| First edition | |
| Author | Murray Rothbard |
|---|---|
| Language | English |
| Subject | Economic history |
| Publisher | Van Nostrand |
Publication date | 1963 |
| Publication place | United States |
| Media type | |
| Pages | 361 |
| OCLC | 173706 |
America's Great Depression is a 1963 treatise by Austrian School economist Murray Rothbard on the causes of the 1930s Great Depression. Drawing from the Austrian theory of the business cycle, Rothbard argues that Federal Reserve inflationary policy in the 1920s and Herbert Hoover's interventionist response to the crash, rather than laissez-faire capitalism or private speculation, created and prolonged the depression.

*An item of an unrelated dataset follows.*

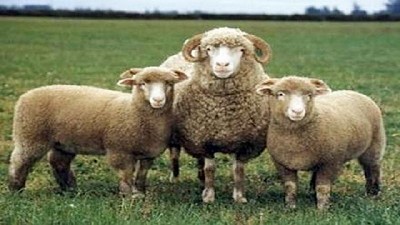 Medidas para sostener la producción Ovina en la Patagonia, evitando mayores pérdidas y fortaleciendo arraigo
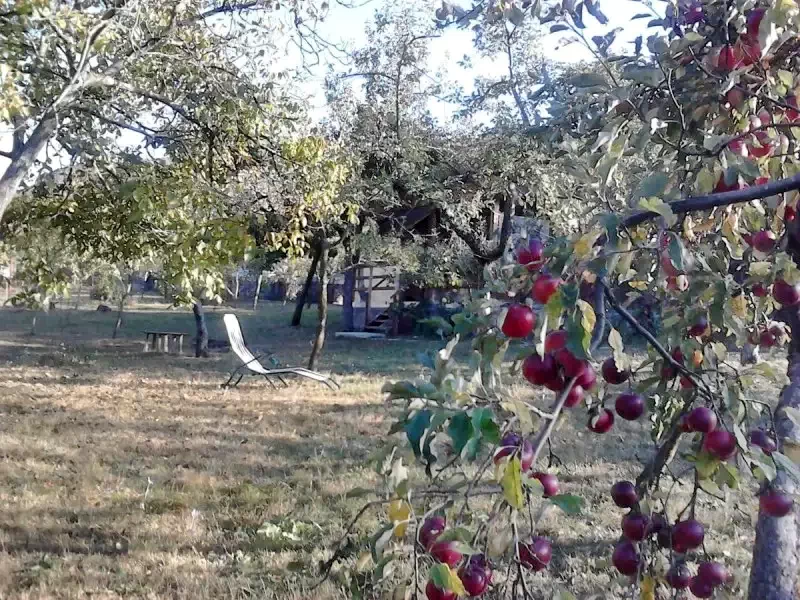 Szállás Chișcău - Cabana Măduța Traian | Kiskoh - Măduța Traian Kulcsosház. A kép szerzői jogvédelem alatt állhat. Javasolt a kapcsolatfelvétel a jog tulajdonossal.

Rothbard argues that it was Herbert Hoover's interventionist response, not laissez-faire inaction, that deepened and prolonged the Great Depression. [1] [2] Drawing from the Austrian theory of the business cycle, he argues that government manipulation of money supply creates the "boom-bust" cycle in modern economies through malinvestment. [3] Thus, he contends the Federal Reserve's inflationary policies from 1921 to 1929 primed the crash, making the depression the product of government and central-bank interference rather than of unrestrained private speculation. [4] [5] [6]
He also criticizes the Keynesian concept of the "liquidity trap" where Rothbard states, [7]
"The Keynesians are here misled by their superficial treatment of the interest rate as simply the price of loan contracts. The crucial interest rate, as we have indicated, is the natural rate — the "profit spread" on the market. Since loans are simply a form of investment, the rate on loans is but a pale reflection of the natural rate."